As one of the larger and more prominent building in CFB Esquimalt-Naden, the Radar Training Building reinforces the institutional character of its surrounding area. The Radar Training Building is located on a high point of land surrounded by lower height buildings on tree-lined streets to the east and the south, a wooded area to the west, and the Trades Training Building to the north. Minor changes to the site, which include the creation of Yukon Avenue in 1988 and the narrowing of Apprentice Way, have changed the historical relationship between the building and its surrounding landscape but its character has been retained. The Radar Training Building is conspicuous and familiar to the CFB Esquimalt community, both as a training facility and as part of the long history of training at the Naden site.
Sources: Fern Mackenzie, Buildings 92 & 92A (Canadian Forces Fleet School Trades Training and Radar Training, Formerly Naval Technical School), CFB Esquimalt, British Columbia, Federal Heritage Buildings Review Office, Report 05-101; Radar Training Building, Esquimalt, British Columbia, Heritage Character Statement 05-101.

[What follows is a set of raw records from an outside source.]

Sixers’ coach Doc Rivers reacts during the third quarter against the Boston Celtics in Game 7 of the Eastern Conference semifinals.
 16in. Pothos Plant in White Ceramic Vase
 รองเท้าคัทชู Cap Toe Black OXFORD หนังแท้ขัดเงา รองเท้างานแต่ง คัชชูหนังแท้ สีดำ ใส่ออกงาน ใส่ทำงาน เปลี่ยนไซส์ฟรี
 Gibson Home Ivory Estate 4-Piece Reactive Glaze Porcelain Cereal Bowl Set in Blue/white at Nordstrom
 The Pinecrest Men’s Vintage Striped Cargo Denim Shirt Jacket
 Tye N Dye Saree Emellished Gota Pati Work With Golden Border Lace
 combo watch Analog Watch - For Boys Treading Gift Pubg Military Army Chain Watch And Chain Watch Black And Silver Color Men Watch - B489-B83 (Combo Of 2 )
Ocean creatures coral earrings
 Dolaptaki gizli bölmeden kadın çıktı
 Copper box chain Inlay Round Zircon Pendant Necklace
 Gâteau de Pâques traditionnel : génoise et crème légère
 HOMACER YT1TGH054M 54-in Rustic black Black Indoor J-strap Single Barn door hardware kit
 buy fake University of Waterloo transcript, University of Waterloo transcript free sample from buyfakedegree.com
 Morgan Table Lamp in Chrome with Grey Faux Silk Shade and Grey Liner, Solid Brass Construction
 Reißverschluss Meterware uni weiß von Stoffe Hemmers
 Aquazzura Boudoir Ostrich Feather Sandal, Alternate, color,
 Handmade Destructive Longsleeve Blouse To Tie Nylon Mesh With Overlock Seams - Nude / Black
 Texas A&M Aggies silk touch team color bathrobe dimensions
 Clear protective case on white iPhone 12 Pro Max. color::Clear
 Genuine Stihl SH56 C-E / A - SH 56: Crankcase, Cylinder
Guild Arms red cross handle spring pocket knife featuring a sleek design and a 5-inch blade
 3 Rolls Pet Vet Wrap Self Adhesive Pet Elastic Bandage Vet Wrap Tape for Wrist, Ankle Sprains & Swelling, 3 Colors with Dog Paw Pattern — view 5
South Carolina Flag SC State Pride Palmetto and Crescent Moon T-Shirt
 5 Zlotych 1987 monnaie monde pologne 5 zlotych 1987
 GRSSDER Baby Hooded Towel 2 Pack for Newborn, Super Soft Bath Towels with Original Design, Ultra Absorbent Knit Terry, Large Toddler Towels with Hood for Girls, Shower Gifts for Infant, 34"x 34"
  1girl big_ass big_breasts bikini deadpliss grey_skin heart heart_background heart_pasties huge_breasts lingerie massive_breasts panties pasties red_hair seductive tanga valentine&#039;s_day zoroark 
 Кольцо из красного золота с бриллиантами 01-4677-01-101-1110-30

The character-defining elements of the Radar Training Building should be respected.
Its illustration of the expansion and the modernization of the Canadian Navy in the 1950s as reflected in:
- the purpose-built design of the technical training facility that is representative of the new approach of accommodating and training military personnel in the post-war period.
Its good Modern design, very good functional design and good quality materials and craftsmanship as manifested in:
- its simple, ordered, geometric massing responding to the gently sloping site;
- its exterior façades, with minimal detailing, including a grid pattern of windows, clearly expressing the interior arrangements and functions of spaces;
- its highly efficient interior layout consisting of double-loaded corridors, classrooms, lecture theatres, and administrative areas;
- the natural lighting of the interiors resulting from extensive use of glass in the administrative and classroom areas and north facing clerestory windows for the workshop areas;
- the use of durable, easy to maintain materials including glass, brick, concrete block, reinforced concrete and steel;
- the use of sound traditional and well-executed construction techniques including concrete block masonry, and steel and reinforced concrete construction;
- the formal, institutional character of the administrative and classroom interiors, as expressed by the clean and efficient appearance, minimal detailing, and the use of hard finishes such as ceramic tiles, terrazzo, and steel;
- the floor to ceiling wood and glass partitioning system in the offices, which was widely used in government offices in the 1950s.
The manner in which the building reinforces the institutional character of CFB Esquimalt as evidenced in:
- its large size and prominent location on a high point of land on the Naden site of CFB Esquimalt;
- its siting amongst similar buildings that dominate their settings.